** Opening Extracted entries block **

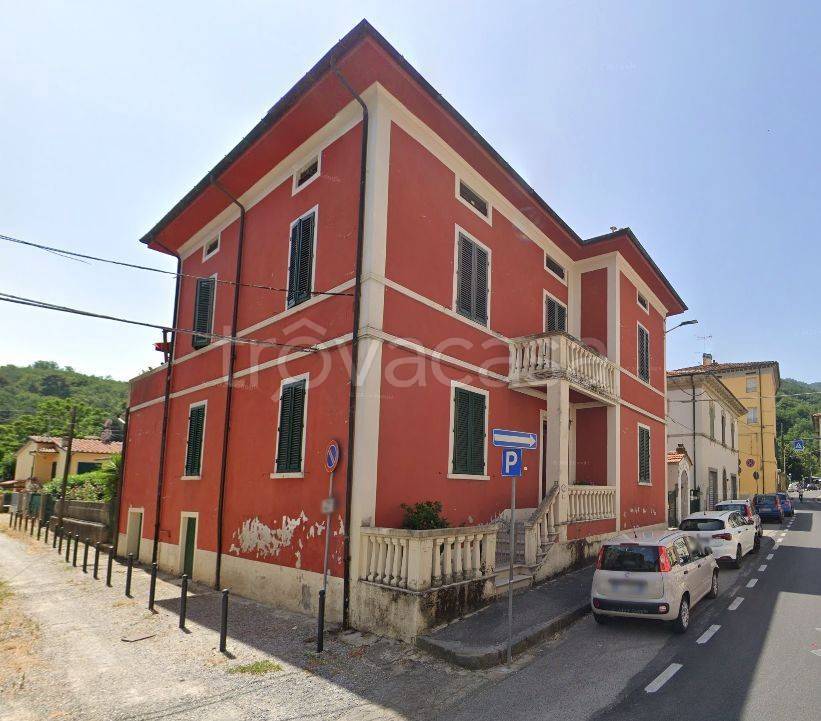 appartamento in vendita a Pescia in zona Collodi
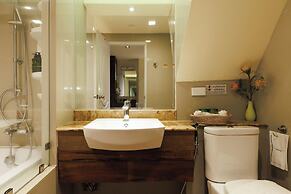 Le Charcoa Hotel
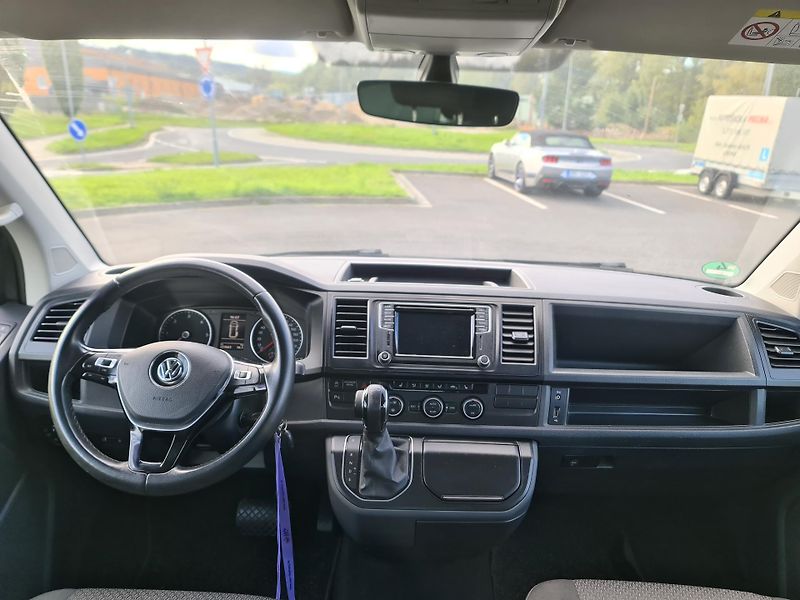 Volkswagen Multivan (2016) T6 2.0 TDi 110-KW DSG POSTEL S - fotka 16 z 35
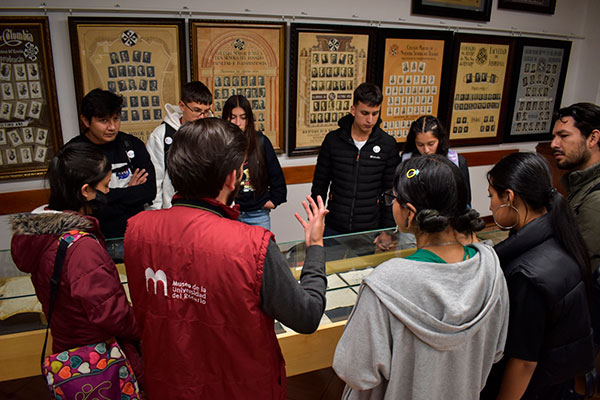 visita-biblioteca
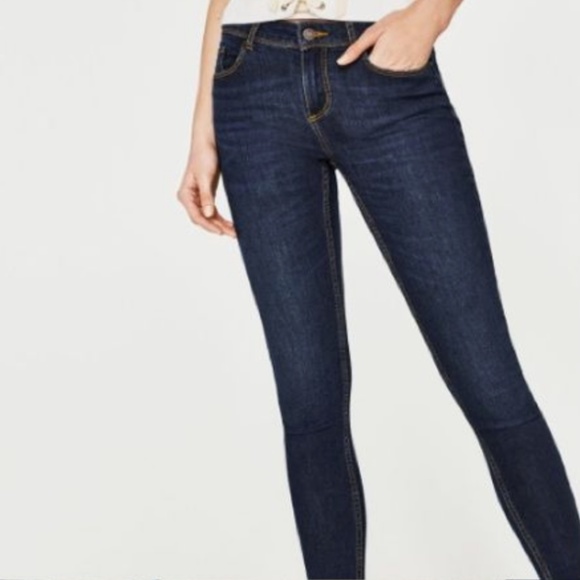 Zara Denim - Zara Trafaluc Slim Dark Denim sz 6 x 31.5L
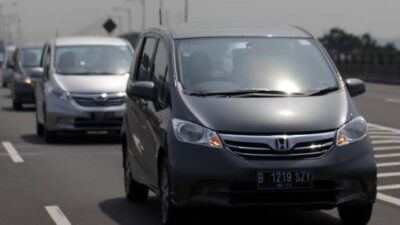 Ilustrasi alasan mobil honda freed.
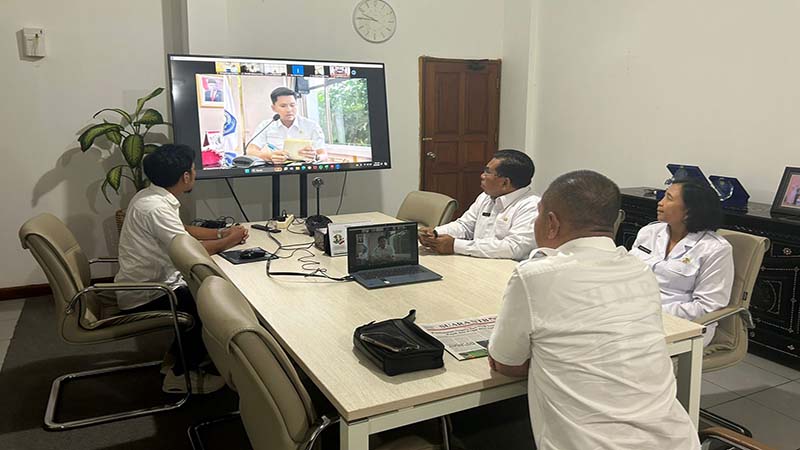 Pj Wali Kota Bima, H Mohammad Rum dan sejumlah pejabat saat mengikuti rapat koordinasi persiapan Pilkada Bersama Mendagri, Rabu (27/3/2024).
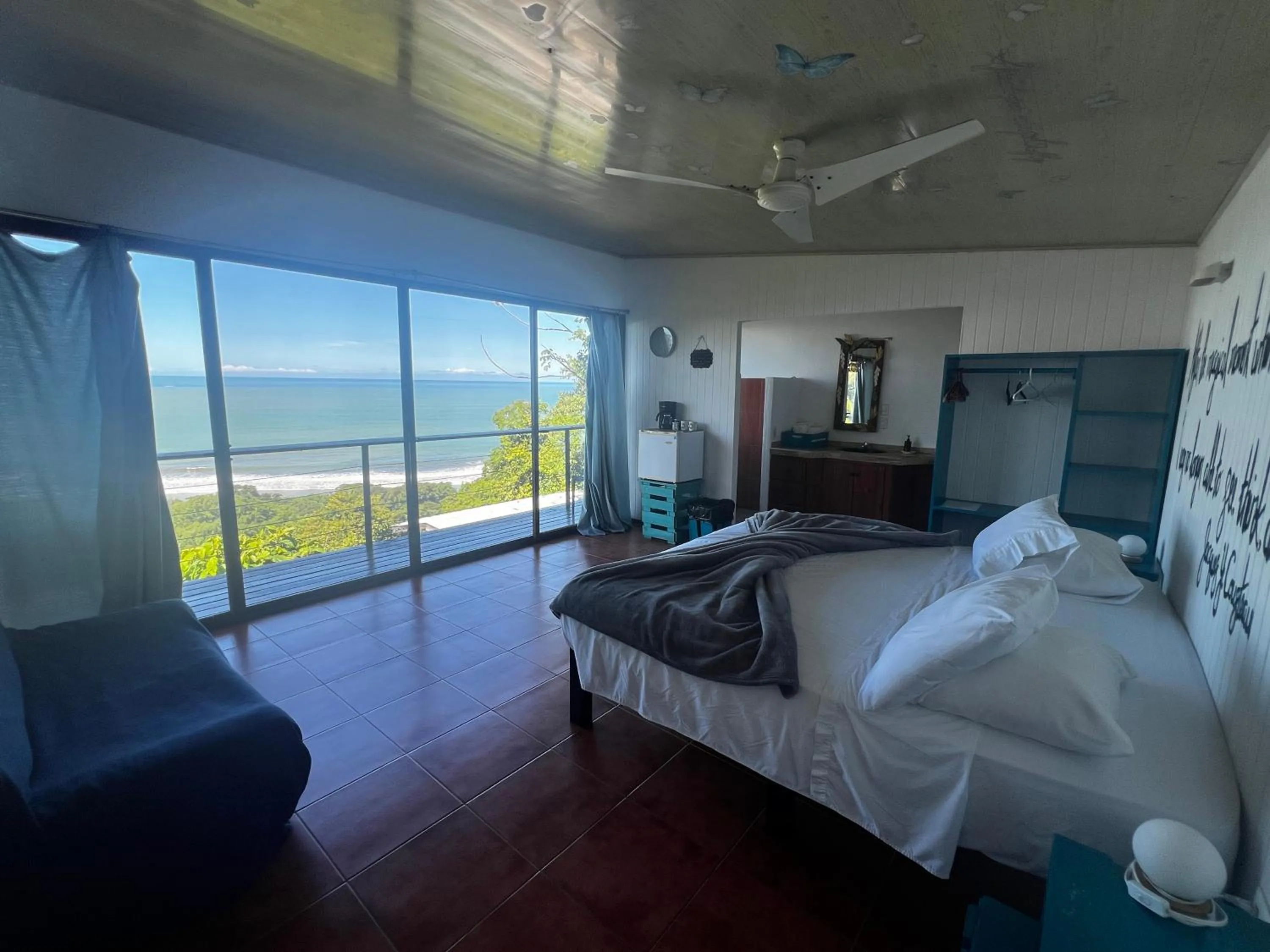 Bed in Ranchos Remo Lodge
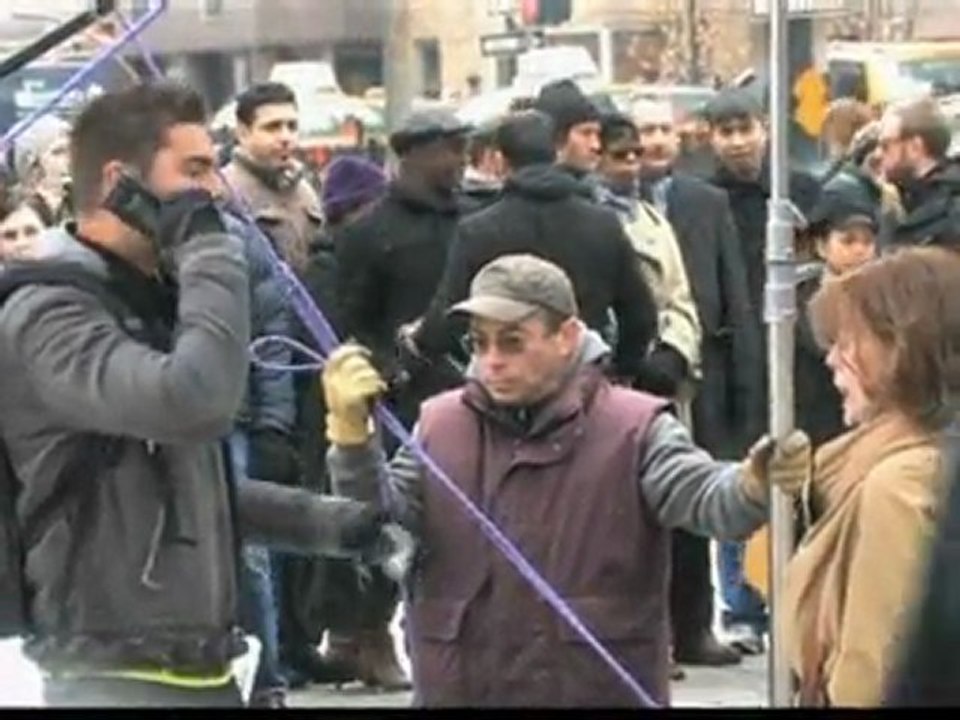 Ashton Kutcher and Lea Michele caught kissing!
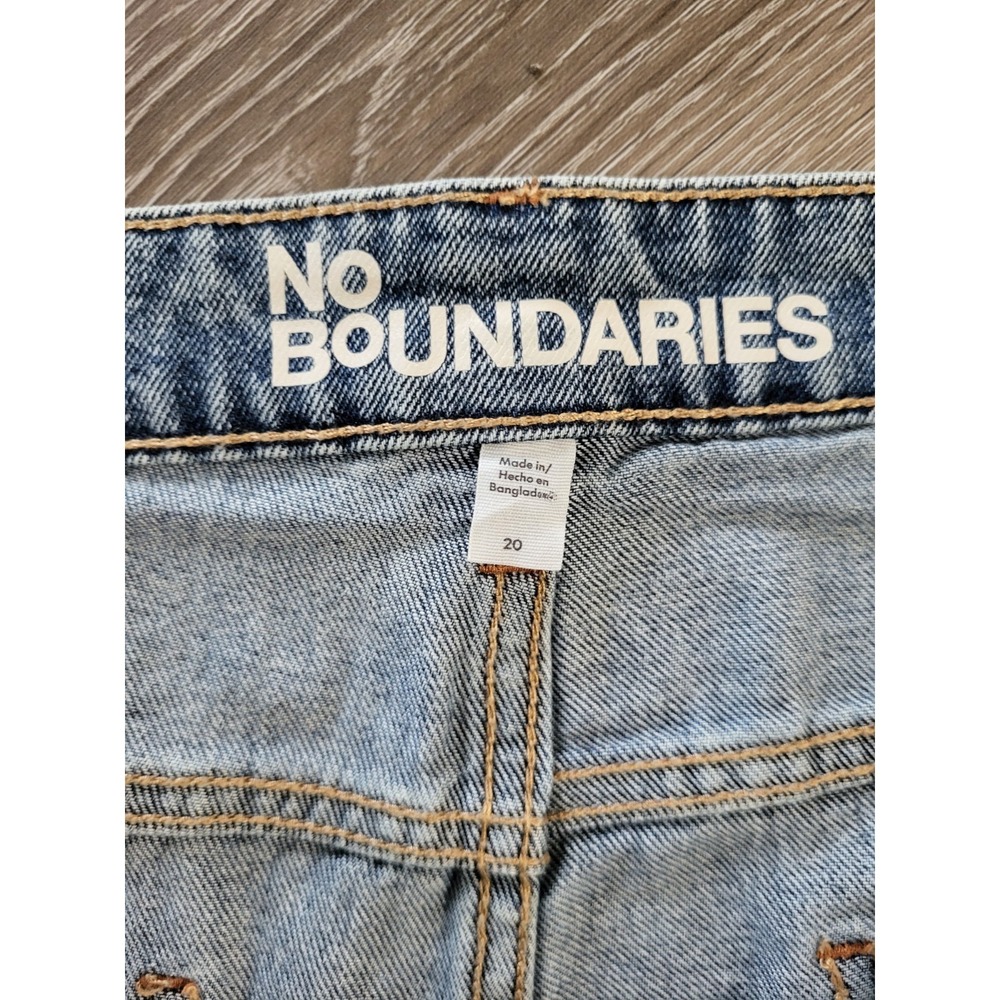 New Wide Leg Mid Rise Star Patch Denim Jeans No Boundaries Sz 20 - Picture 6 of 8
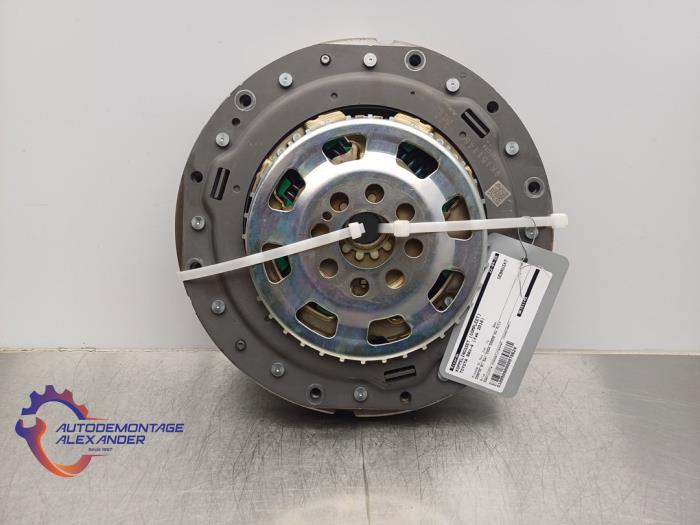 Used Clutch kit (complete) Toyota RAV4 (A4) 2.5 Hybrid 16V VVT-i 4x4 Price on request offered by Alexander Autodemontage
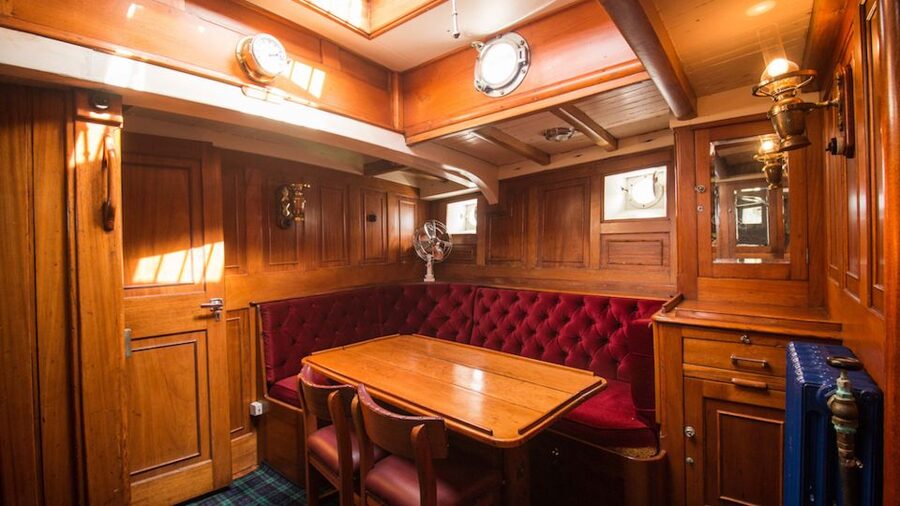 Evening Champagne Cruise on Historic 1935 Motor Yacht. - Should you book the Evening Champagne Cruise on Faith?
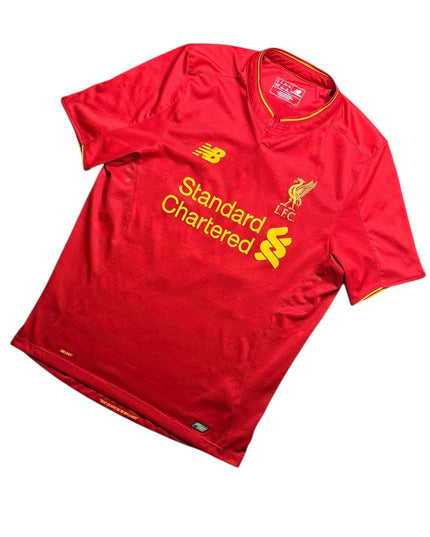 Liverpool Football Shirt 2016/2017 Home Coutinho 10 (M)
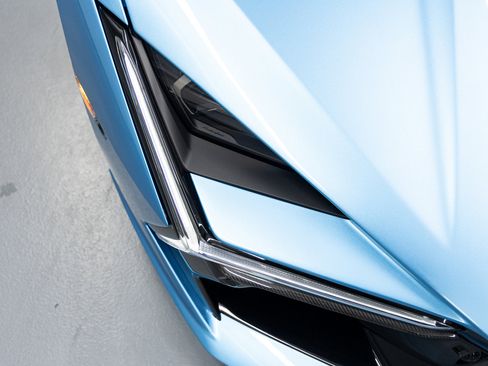 Used 2025 Lamborghini Revuelto image 17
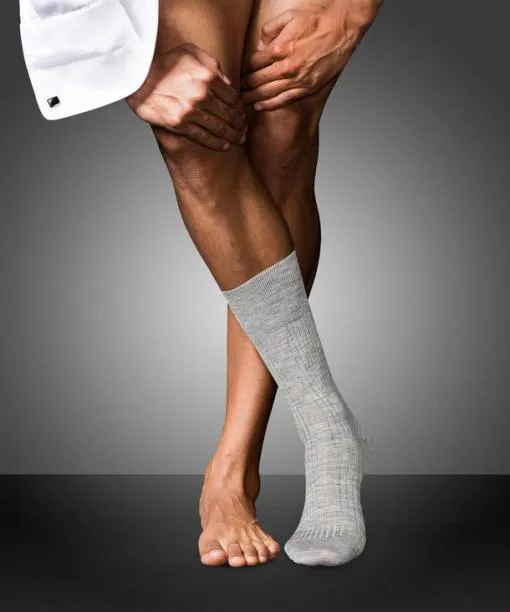 Men No 7 Finest Merino Men Socks Light Grey Melange FALKE Socks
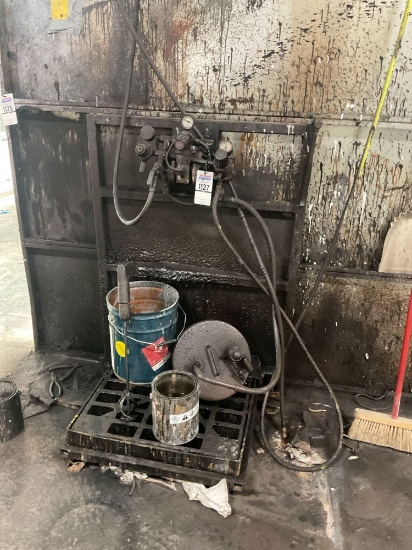 Pneumatic Spray Pump with Kremlin F Pro Spray Gun, Mounted to Containment Skid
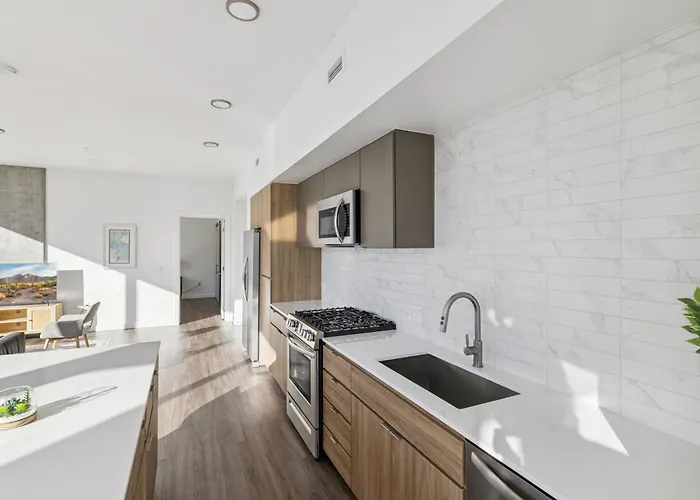 Cozysuites At Adeline Apartamento *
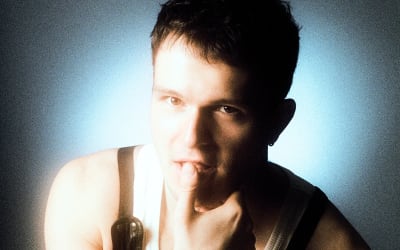 Tsatsamis embraces escapism into hedonism on 80s-inspired “Recreational”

** Closing Extracted entries block **

The lines wanted are those from the one with "Pj Wali Kota" to the end of the entries above, repeated exactly, both ends included. Leave out the pictures.

 Pj Wali Kota Bima, H Mohammad Rum dan sejumlah pejabat saat mengikuti rapat koordinasi persiapan Pilkada Bersama Mendagri, Rabu (27/3/2024).
 Bed in Ranchos Remo Lodge
 Ashton Kutcher and Lea Michele caught kissing!
 New Wide Leg Mid Rise Star Patch Denim Jeans No Boundaries Sz 20 - Picture 6 of 8
 Used Clutch kit (complete) Toyota RAV4 (A4) 2.5 Hybrid 16V VVT-i 4x4 Price on request offered by Alexander Autodemontage
 Evening Champagne Cruise on Historic 1935 Motor Yacht. - Should you book the Evening Champagne Cruise on Faith?
 Liverpool Football Shirt 2016/2017 Home Coutinho 10 (M)
 Used 2025 Lamborghini Revuelto image 17
 Men No 7 Finest Merino Men Socks Light Grey Melange FALKE Socks
 Pneumatic Spray Pump with Kremlin F Pro Spray Gun, Mounted to Containment Skid
 Cozysuites At Adeline Apartamento *
 Tsatsamis embraces escapism into hedonism on 80s-inspired “Recreational”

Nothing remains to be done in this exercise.